The goal of purrrow is to provide out-of-memory data collation into Arrow datasets.

It provides a set of functions with a logic similar to purrr, except that the result is an arrow dataset on disk. Each of these functions iterates the function passed to .f over .x and builds an arrow dataset on disk that contains all the data returned by .f as it iterates over .x.

For a primer on Arrow datasets and how to work with them in dplyr, see the vignette in Arrow (vignette('dataset', 'arrow')).

This has two advantages:

it is shorthand compared to building and manually writing and then collating a bunch of arrow datasets
compared to using purrr::map_dfr() followed by arrow::write_dataset(), you do not need to have all the data in memory at one time; the binding into one dataset happens out of memory.

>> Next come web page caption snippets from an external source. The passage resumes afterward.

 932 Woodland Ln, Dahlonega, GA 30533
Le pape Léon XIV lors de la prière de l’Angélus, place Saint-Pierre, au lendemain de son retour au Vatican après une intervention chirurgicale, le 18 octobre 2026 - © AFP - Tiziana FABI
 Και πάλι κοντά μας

As in {purrr}, the functions come in multiple flavours, with a suffix indicating the output:

marrow_dir: returns the directory in which the resulting dataset is stored (which is also its .path param)
marrow_ds: returns an arrow Dataset object
marrow_files: returns paths to all the files in the arrow dataset. This can be useful for tracking the files in make-like workflows, e.g. {targets}.

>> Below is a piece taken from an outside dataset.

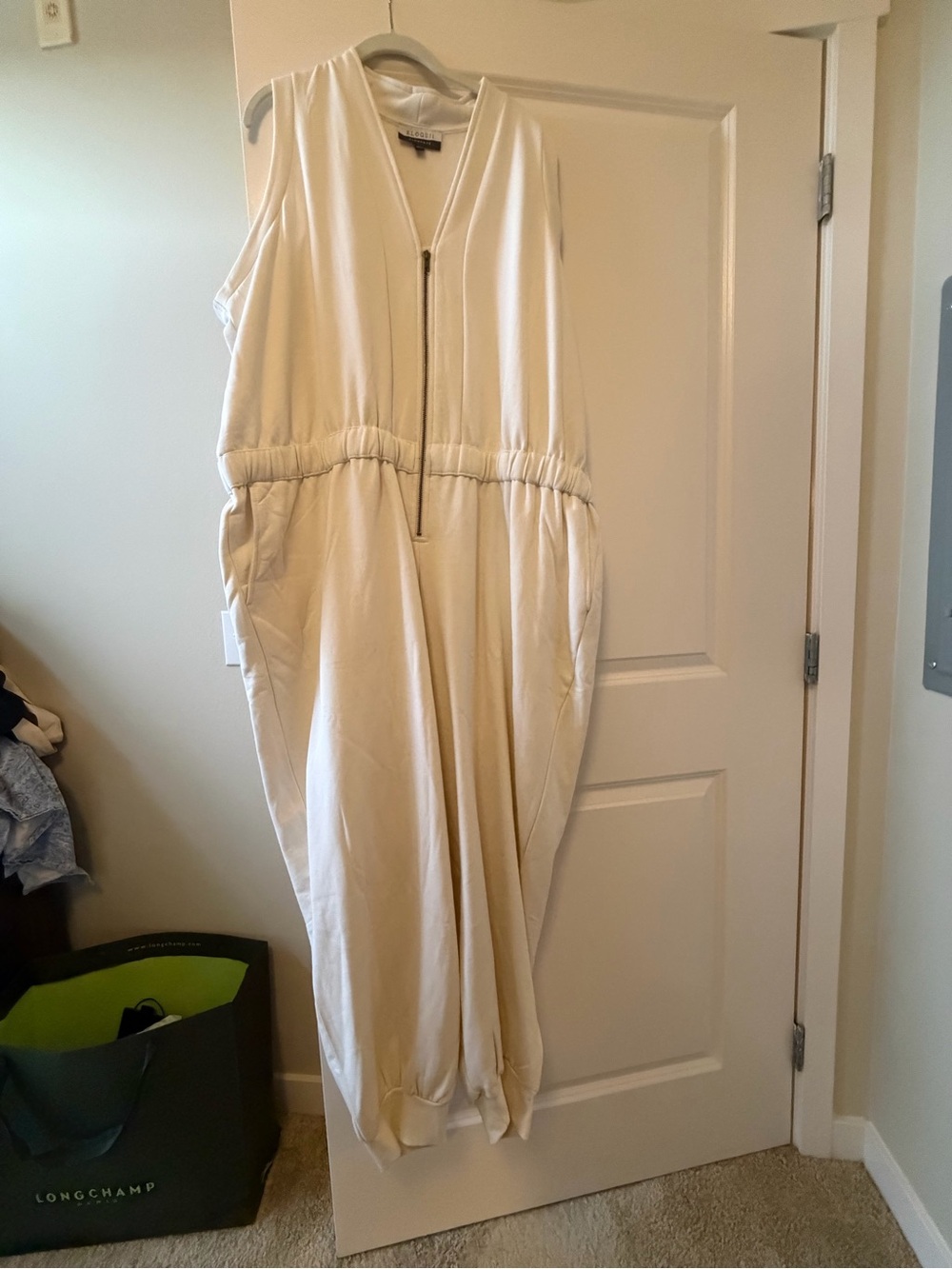 Eloquii Cream Sleeveless Zip-Front Jumpsuit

This is not yet on CRAN. You can install the development version from GitHub with:

# install.packages("remotes")
remotes::install_github("petrbouchal/purrrow")

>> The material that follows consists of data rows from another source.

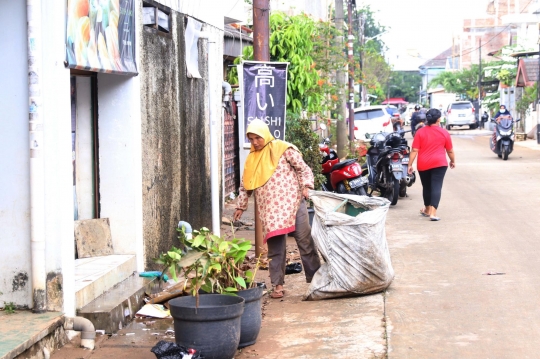 Berkah Pengumpul Barang Rongsok di Tengah Banjir Surut
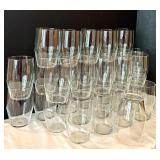 LRFE - Clear Drinking Glasses (Lot of 34)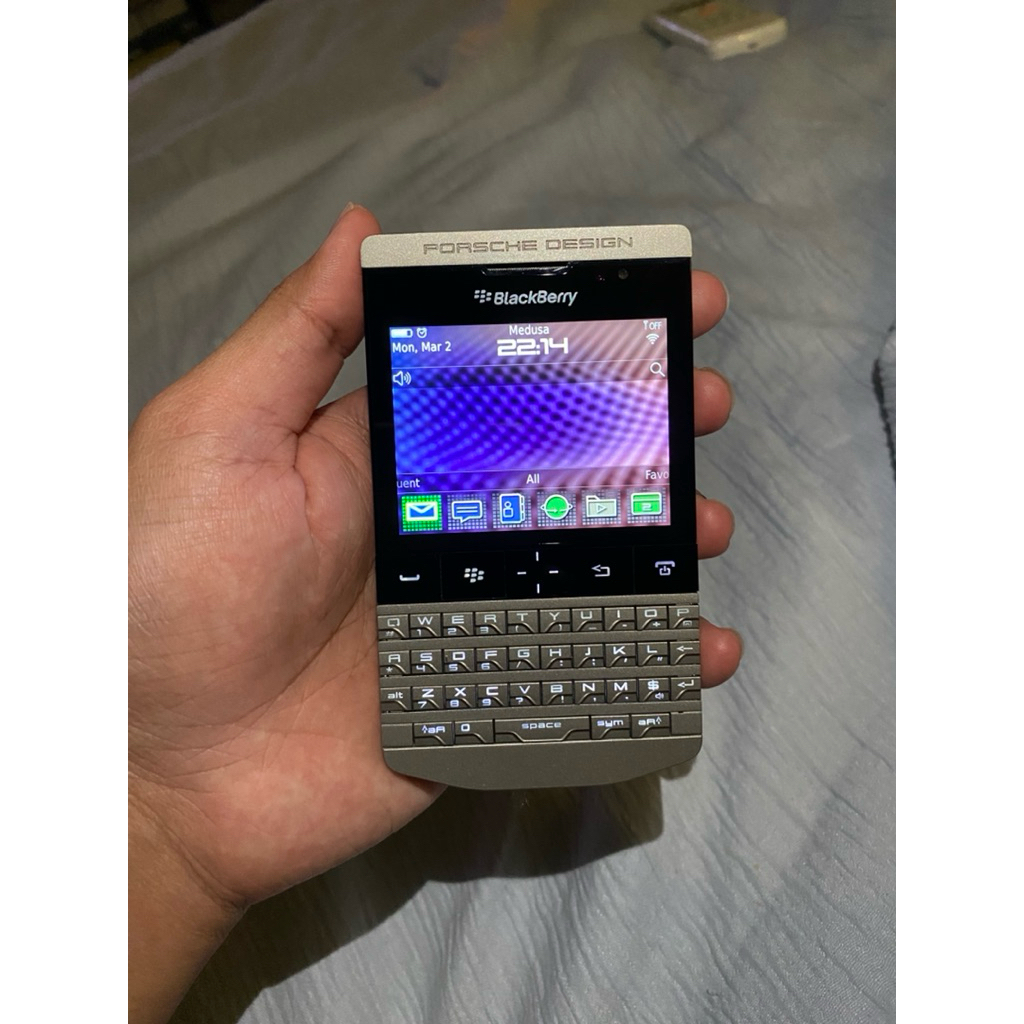 Hp BlackBerry PORSCHE DESIGN P'9981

The basic logic is as follows:

pass a function as the .f argument to

library(purrrow)

months <- unique(airquality$Month)
part_of_mpg <- function(month) {
  airquality[airquality$Month==month,]
}

td <- file.path(tempdir(), "arrowmp")
aq_arrow_dir <- marrow_dir(.x = months, .f = part_of_mpg,
                           .partitioning = "Month",
                           .path = td)

library(arrow)
#> 
#> Attaching package: 'arrow'
#> The following object is masked from 'package:utils':
#> 
#>     timestamp
open_dataset(aq_arrow_dir)
#> FileSystemDataset with 5 Parquet files
#> Ozone: int32
#> Solar.R: int32
#> Wind: double
#> Temp: int32
#> Day: int32
#> Month: int32
#> 
#> See $metadata for additional Schema metadata

td <- file.path(tempdir(), "arrowmp2")
aq_arrow_ds <- marrow_ds(.x = months, .f = part_of_mpg,
                         .partitioning = "Month",
                         .path = td)
aq_arrow_ds
#> FileSystemDataset with 5 Parquet files
#> Ozone: int32
#> Solar.R: int32
#> Wind: double
#> Temp: int32
#> Day: int32
#> Month: int32
#> 
#> See $metadata for additional Schema metadata

td <- file.path(tempdir(), "arrowmp3")
aq_arrow_files <- marrow_files(.x = months, .f = part_of_mpg,
                               .partitioning = "Month",
                               .path = td)
aq_arrow_files
#> [1] "/var/folders/c8/pj33jytj233g8vr0tw4b2h7m0000gn/T//Rtmpc5tgdL/arrowmp3/Month=5/part-2.parquet"
#> [2] "/var/folders/c8/pj33jytj233g8vr0tw4b2h7m0000gn/T//Rtmpc5tgdL/arrowmp3/Month=6/part-3.parquet"
#> [3] "/var/folders/c8/pj33jytj233g8vr0tw4b2h7m0000gn/T//Rtmpc5tgdL/arrowmp3/Month=7/part-0.parquet"
#> [4] "/var/folders/c8/pj33jytj233g8vr0tw4b2h7m0000gn/T//Rtmpc5tgdL/arrowmp3/Month=8/part-1.parquet"
#> [5] "/var/folders/c8/pj33jytj233g8vr0tw4b2h7m0000gn/T//Rtmpc5tgdL/arrowmp3/Month=9/part-4.parquet"

library(dplyr)
#> 
#> Attaching package: 'dplyr'
#> The following objects are masked from 'package:stats':
#> 
#>     filter, lag
#> The following objects are masked from 'package:base':
#> 
#>     intersect, setdiff, setequal, union
all_equal(aq_arrow_ds %>% collect(), airquality)
#> [1] TRUE

no map2 and pmap equivalents yet
unlike purrr’s map functions, purrrow’s marrow functions do not return an output of the same length as .x. This is intentional.
currently only Hive-style partitioning is supported [TO DO]
there is currently no way to pass further arguments to arrow::write_dataset() [TO DO]
unlike Arrow’s write_dataset(), marrow_*() functions do not infer partitioning from grouping in the dataset returned by .f. This is intentional so as not to introduce confusion in the partitioning.
.f must provide the column which differentiates the rows returned by each iteration over .x - i.e. there is no equivalent to purrr::*_dfr()’s .id parameter yet [TO DO]
Note that arrow will happily write files for a new/differently partitioned dataset into the same directory, so you must take care to clear out/delete a directory before writing an arrow dataset into it.